> TASK DESCRIPTION
In the data below, begin at the line with "2025北京东城高一（上）期末历史试卷和参考答案第3页" and stop after the line with "夜桜さんちの大作戦 14／権平ひつじ | 集英社 ―"; output those lines exactly and no pictures.

ENTRIES SHOWN below:

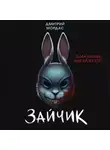 Дмитрий Мордас - Зайчик. Тьма ближе чем кажется
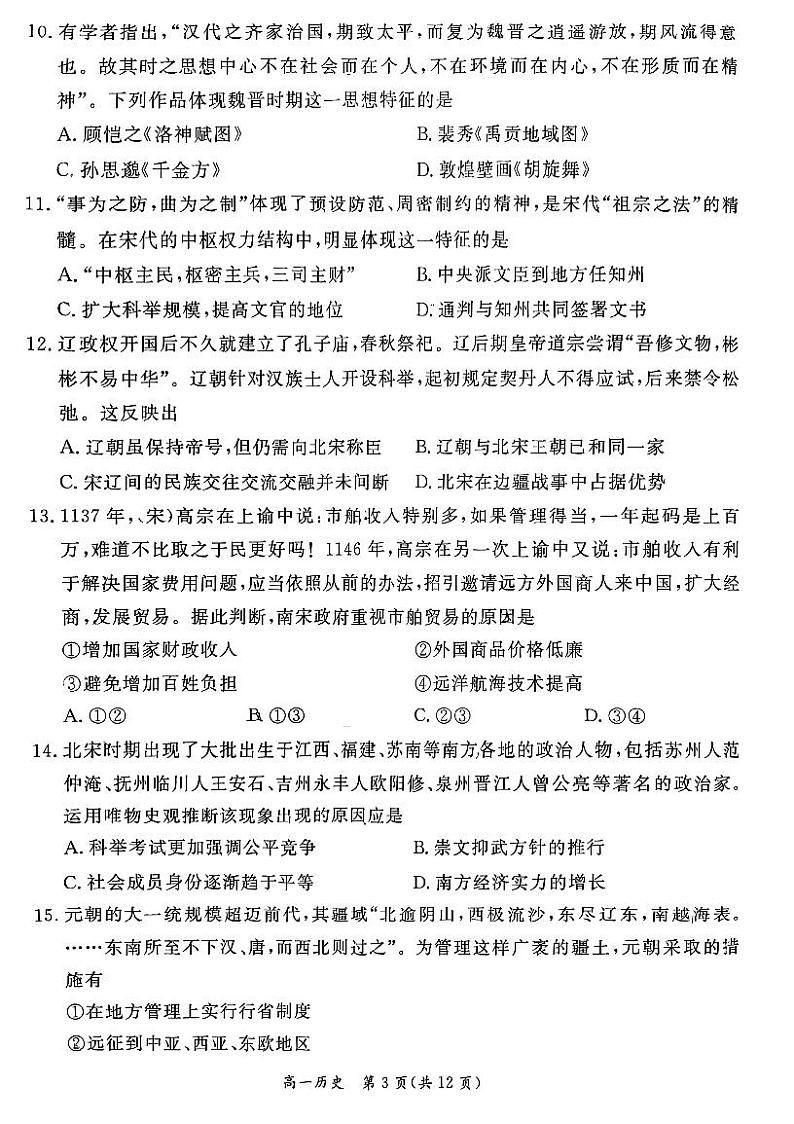 2025北京东城高一（上）期末历史试卷和参考答案第3页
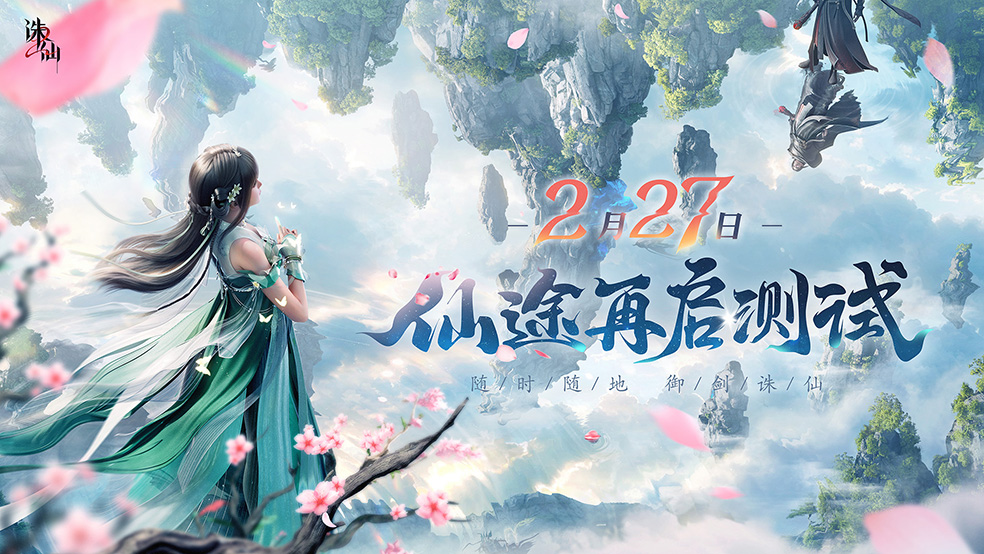 《诛仙2》手游“仙途再启”测试定档2月27日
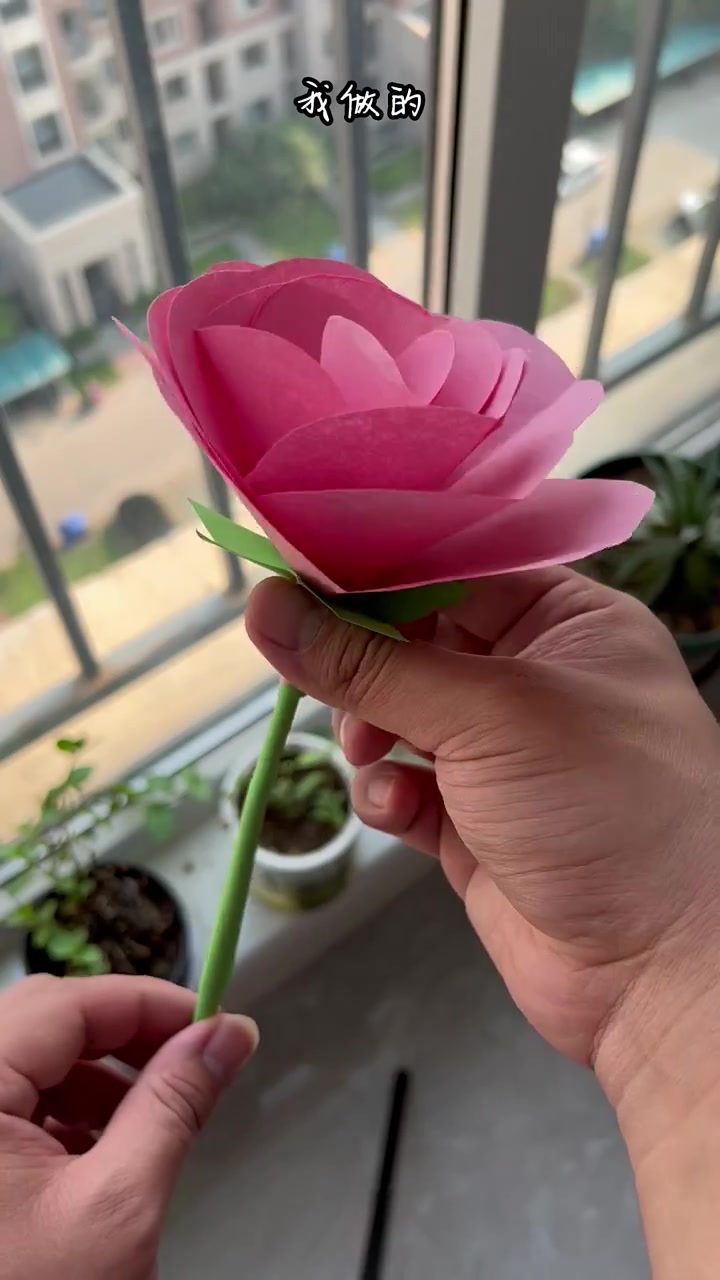 做一个手工玫瑰花送给亲爱的手工老师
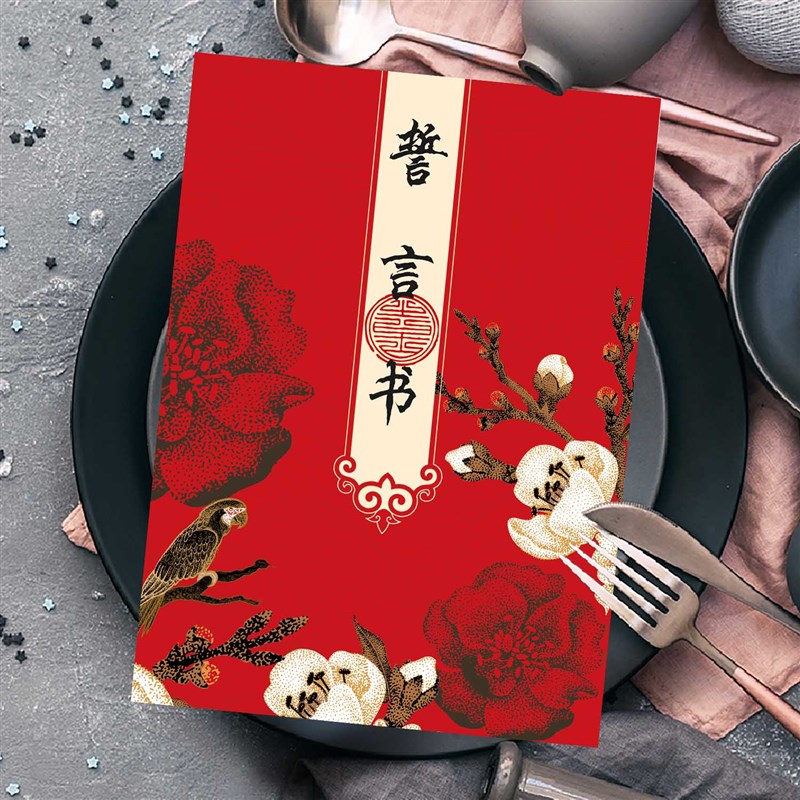 接亲誓言书游戏卡唇印卡荣誉拦门卡绕口令新郎考试卷中式红色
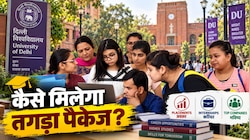 DU AVASAR 2026: दिल्ली यूनिवर्सिटी के प्लेसमेंट में कैसे मिलेगी जॉब? आवेदन का तरीका भी जान लीजिए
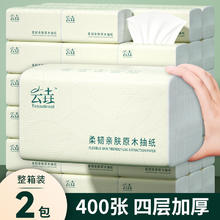 云垚 洗护） 0717-1 原生竹浆抽取式面巾纸 2包400张 4层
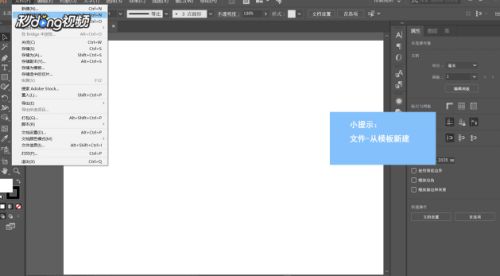 AI音频生成完整指南：从格式选择到制作步骤详解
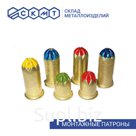 Монтажные патроны Д3 / синие / 100 шт.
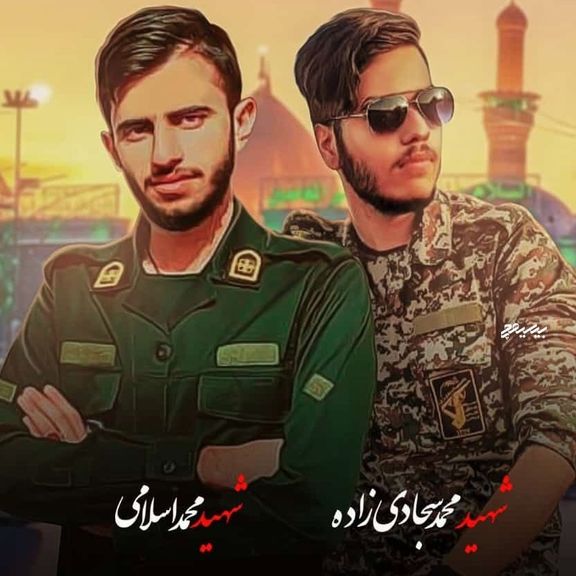 Two More IRGC Servicemen Killed, Possibly By US Attacks In Syria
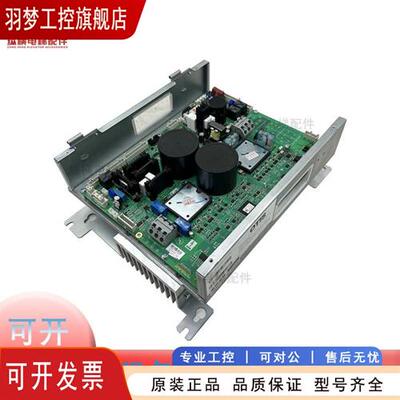 议价奥的斯电梯变频器OVFR03B-403(LRU) KEA21305ACB1/3/5 电梯配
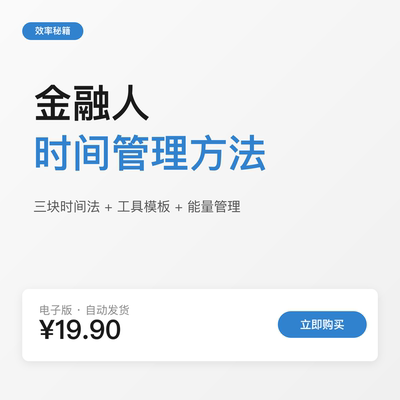 金融人时间管理方法：40岁高效工作与生活平衡术（电子版）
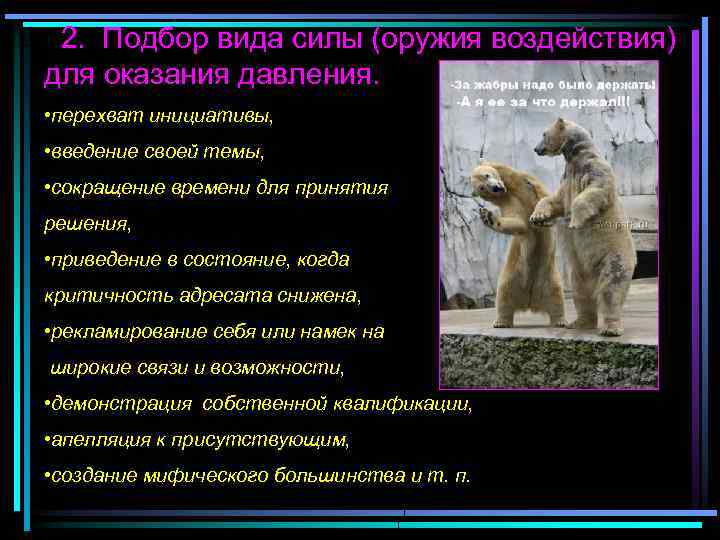  2. Подбор вида силы (оружия воздействия) для оказания давления. • перехват инициативы, •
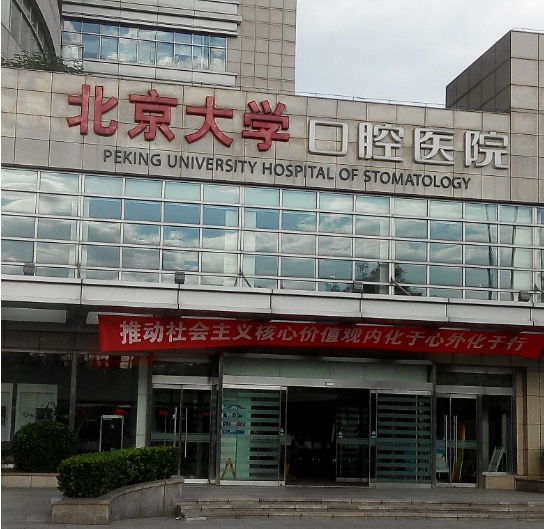 北京大學(xué)口腔醫(yī)院.png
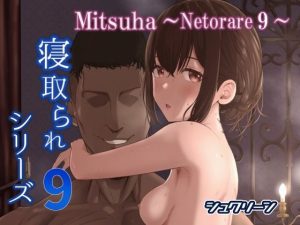 Mitsuha〜Netorare 9〜(シュクリーン) [d_247062]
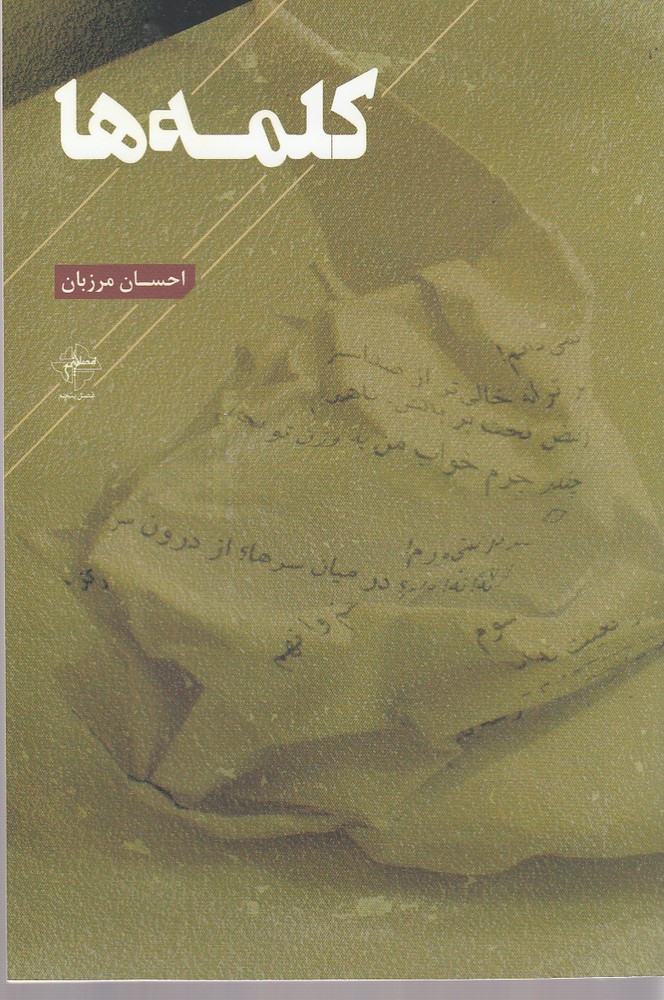 کلمه ها(فصل پنجم) @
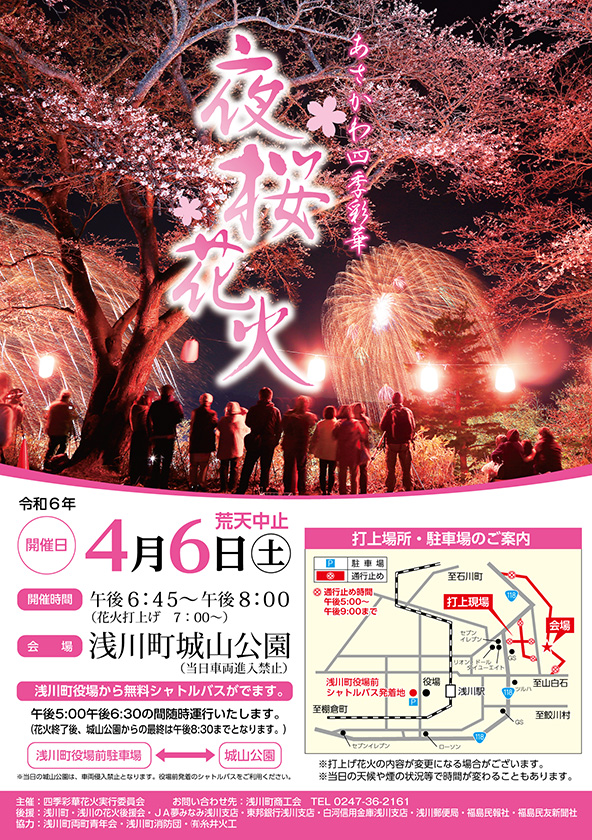 夜桜さんちの大作戦 14／権平ひつじ | 集英社 ―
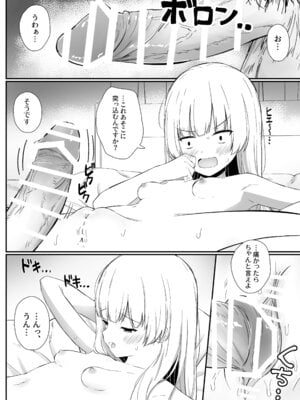 [さかえてないです。 (さかえ)] ちょっと生意気だけどおにいちゃんの事がだいすきな妹と濃厚あまあまえっち [DL版]_021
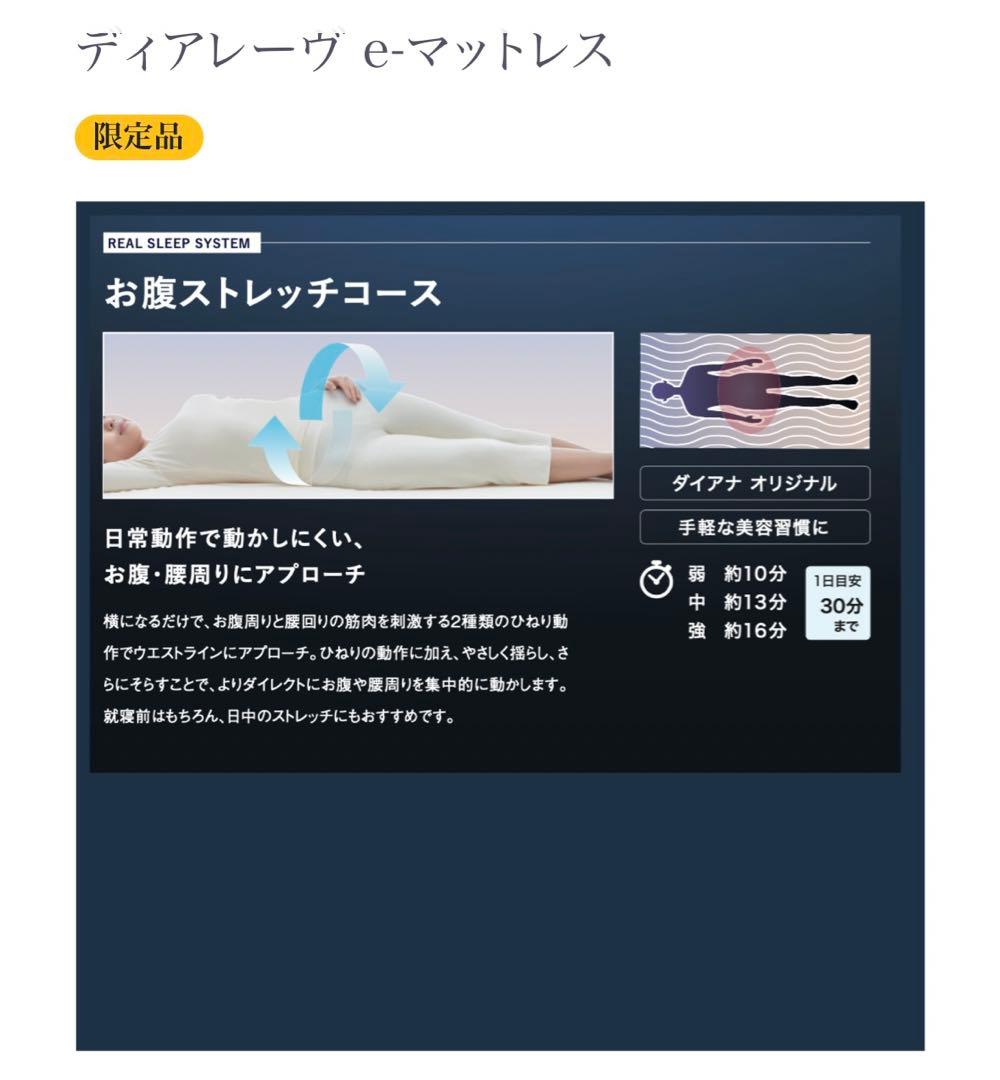 【お値下げしました】【ダイアナ】 【新品未使用】ディアレーヴ ｅ-マットレス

End of ENTRIES SHOWN.

> WRITTEN ANSWER
 2025北京东城高一（上）期末历史试卷和参考答案第3页
 《诛仙2》手游“仙途再启”测试定档2月27日
 做一个手工玫瑰花送给亲爱的手工老师
 接亲誓言书游戏卡唇印卡荣誉拦门卡绕口令新郎考试卷中式红色
 DU AVASAR 2026: दिल्ली यूनिवर्सिटी के प्लेसमेंट में कैसे मिलेगी जॉब? आवेदन का तरीका भी जान लीजिए
 云垚 洗护） 0717-1 原生竹浆抽取式面巾纸 2包400张 4层
 AI音频生成完整指南：从格式选择到制作步骤详解
 Монтажные патроны Д3 / синие / 100 шт.
 Two More IRGC Servicemen Killed, Possibly By US Attacks In Syria
 议价奥的斯电梯变频器OVFR03B-403(LRU) KEA21305ACB1/3/5 电梯配
 金融人时间管理方法：40岁高效工作与生活平衡术（电子版）
  2. Подбор вида силы (оружия воздействия) для оказания давления. • перехват инициативы, •
 北京大學(xué)口腔醫(yī)院.png
 Mitsuha〜Netorare 9〜(シュクリーン) [d_247062]
 کلمه ها(فصل پنجم) @
 夜桜さんちの大作戦 14／権平ひつじ | 集英社 ―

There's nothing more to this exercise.